QoS Measurement Standpoint | Blog

Timing accuracy

Accurate multipoint measurements require precise synchronization of clocks of the devices used to measure. If, for example, time stamps are used in packets, careful clock synchronization is needed between end devices in order to calculate delay to both directions—this clock synchronization now acts as the shared knowledge of the separate measurement points.

Timing accuracy is not a trivial problem, since computer real-time clocks are inaccurate—as they might drift several seconds in a day. This is definitely not enough, since (at least) millisecond-order accuracy is usually needed in network-delay measurement.

Network time protocol (NTP) is a cost effective way to reach synchronization. Maximum accuracy for time synchronization using NTP is about one millisecond. To reach maximum accuracy, the NTP server must remain in the same local area network (LAN) as the NTP client in order to minimize delay and jitter between the server and the client. NTP is quite slow to obtain accurate synchronization; stabilization time of about an hour is sometimes needed.

Network address translation

Network address translation (NAT) is the process of modifying network address information in datagram packet headers while in transit across a traffic routing device for the purpose of remapping a given address space into another.

NAT has effects on measurements in IP networks because it intends to masquerade source IP addresses, it makes two-point measurements—relying on finding hard-to-find IP addresses or events that are impossible to perform.

Today, NAT is most often used in conjunction with network masquerading (or IP masquerading), which is a technique that hides an entire address space, usually consisting of private network addresses (RFC 1918) behind a single IP address in another, often public, address space.

This mechanism is implemented in a routing device that uses stateful translation tables to map the ‘hidden’ addresses into a single address and then rewrites the outgoing Internet protocol (IP) packets on exit, so that they appear to originate from the router. In the reverse communications path, responses are mapped back to the originating IP address using the rules (i.e., the state) stored in the translation tables. The translation table rules established in this fashion are flushed after a short period without new traffic refreshing their state.

As described, the method only allows transit traffic through the router when it is originating in the masqueraded network, since this establishes the translation tables. However, most NAT devices today allow the network administrator to configure translation table entries for permanent use.

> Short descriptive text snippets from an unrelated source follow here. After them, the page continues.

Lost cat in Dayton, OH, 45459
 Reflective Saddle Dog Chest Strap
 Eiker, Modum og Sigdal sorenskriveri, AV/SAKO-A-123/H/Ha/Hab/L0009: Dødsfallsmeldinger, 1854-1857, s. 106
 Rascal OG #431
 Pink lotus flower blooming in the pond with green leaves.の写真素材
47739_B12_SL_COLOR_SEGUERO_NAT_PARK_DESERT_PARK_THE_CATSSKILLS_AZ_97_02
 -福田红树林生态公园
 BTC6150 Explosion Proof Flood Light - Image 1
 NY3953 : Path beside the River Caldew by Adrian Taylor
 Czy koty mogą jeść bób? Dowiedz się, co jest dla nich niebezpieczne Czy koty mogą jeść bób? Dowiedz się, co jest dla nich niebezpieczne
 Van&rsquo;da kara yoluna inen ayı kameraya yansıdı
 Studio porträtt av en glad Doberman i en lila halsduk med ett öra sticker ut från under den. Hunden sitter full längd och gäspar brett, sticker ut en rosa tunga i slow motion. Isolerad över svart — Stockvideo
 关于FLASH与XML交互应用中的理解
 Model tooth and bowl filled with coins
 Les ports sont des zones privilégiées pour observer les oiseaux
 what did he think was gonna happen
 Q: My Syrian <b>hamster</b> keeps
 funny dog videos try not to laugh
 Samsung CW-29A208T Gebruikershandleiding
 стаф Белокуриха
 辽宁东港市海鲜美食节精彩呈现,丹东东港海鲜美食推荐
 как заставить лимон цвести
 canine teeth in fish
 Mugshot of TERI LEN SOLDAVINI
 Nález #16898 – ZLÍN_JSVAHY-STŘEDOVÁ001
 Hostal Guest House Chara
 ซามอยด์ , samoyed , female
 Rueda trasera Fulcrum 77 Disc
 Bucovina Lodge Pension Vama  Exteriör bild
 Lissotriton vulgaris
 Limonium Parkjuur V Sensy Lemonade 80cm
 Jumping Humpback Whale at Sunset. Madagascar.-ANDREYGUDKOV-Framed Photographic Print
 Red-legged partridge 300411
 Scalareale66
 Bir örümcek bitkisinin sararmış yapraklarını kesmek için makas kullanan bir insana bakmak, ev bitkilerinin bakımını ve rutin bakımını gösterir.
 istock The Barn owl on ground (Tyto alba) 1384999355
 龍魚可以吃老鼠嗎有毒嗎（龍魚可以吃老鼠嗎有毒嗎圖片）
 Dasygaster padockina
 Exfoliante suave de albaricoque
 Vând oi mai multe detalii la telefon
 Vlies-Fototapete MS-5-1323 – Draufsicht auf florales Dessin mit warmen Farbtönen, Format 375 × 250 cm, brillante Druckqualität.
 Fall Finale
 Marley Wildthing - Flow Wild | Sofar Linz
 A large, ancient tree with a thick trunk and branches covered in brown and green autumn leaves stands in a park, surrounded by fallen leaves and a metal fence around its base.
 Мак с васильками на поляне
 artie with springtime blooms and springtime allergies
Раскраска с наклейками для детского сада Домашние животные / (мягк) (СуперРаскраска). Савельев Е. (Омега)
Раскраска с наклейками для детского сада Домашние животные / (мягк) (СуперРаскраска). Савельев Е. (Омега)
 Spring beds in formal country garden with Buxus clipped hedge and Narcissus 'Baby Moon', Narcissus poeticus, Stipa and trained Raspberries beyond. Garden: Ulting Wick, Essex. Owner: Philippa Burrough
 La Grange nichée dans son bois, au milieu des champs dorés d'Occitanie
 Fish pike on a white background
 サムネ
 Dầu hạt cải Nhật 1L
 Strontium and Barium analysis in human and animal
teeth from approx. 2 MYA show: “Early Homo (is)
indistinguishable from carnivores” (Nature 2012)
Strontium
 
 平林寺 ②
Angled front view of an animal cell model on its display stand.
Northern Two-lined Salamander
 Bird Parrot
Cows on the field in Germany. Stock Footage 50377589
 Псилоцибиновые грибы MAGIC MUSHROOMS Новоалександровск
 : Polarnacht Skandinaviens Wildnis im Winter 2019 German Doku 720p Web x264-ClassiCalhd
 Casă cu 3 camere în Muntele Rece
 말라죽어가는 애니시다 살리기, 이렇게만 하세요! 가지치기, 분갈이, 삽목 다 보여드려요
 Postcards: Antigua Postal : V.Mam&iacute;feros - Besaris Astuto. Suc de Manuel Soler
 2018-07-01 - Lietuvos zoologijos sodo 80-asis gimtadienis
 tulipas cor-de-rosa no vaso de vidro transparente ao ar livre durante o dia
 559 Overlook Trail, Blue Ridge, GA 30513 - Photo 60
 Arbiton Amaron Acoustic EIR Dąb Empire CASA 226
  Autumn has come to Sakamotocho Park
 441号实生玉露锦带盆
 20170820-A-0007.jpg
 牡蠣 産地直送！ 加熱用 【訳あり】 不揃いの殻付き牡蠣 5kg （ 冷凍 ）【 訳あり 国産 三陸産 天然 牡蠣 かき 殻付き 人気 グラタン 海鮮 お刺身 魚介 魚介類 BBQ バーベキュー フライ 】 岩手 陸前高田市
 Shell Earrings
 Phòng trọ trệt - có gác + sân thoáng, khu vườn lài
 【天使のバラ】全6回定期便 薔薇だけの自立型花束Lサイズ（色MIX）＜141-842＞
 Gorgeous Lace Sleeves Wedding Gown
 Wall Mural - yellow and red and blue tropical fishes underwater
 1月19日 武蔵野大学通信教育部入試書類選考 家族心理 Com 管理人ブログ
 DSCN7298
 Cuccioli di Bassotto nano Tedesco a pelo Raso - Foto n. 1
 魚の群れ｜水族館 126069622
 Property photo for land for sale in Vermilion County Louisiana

This feature is often referred to as "static NAT" or "port forwarding" and allows traffic originating in the "outside" network to reach designated hosts in the masqueraded network.

Quality-of-Service metrics

The most essential and general-performance, quality-of-service (QoS) metrics are:

Delay
Jitter
Throughput
Packet loss

Another somewhat different, yet important, metric is data-transmission efficiency, i.e., how much control information is needed in order to get the actual data through; however, this metric is not usually taken into consideration—even though in power-limited wireless devices, it is quite essential for power-consumption minimization.

Jitter is also related to delay, since it is understood as the variation of the delay. Jitter has several definitions, e.g., the maximum variation of the delay, but the most common one is probably the standard deviation of the delay. Jitter can be calculated from the exact delay measurements, but not from the average values. Jitter is easier to calculate than absolute delay, since it only needs the delay difference between sequential packets, but not absolute clock synchronization of the measurement points. Jitter can be controlled with buffers, but this is done at the expense of delay.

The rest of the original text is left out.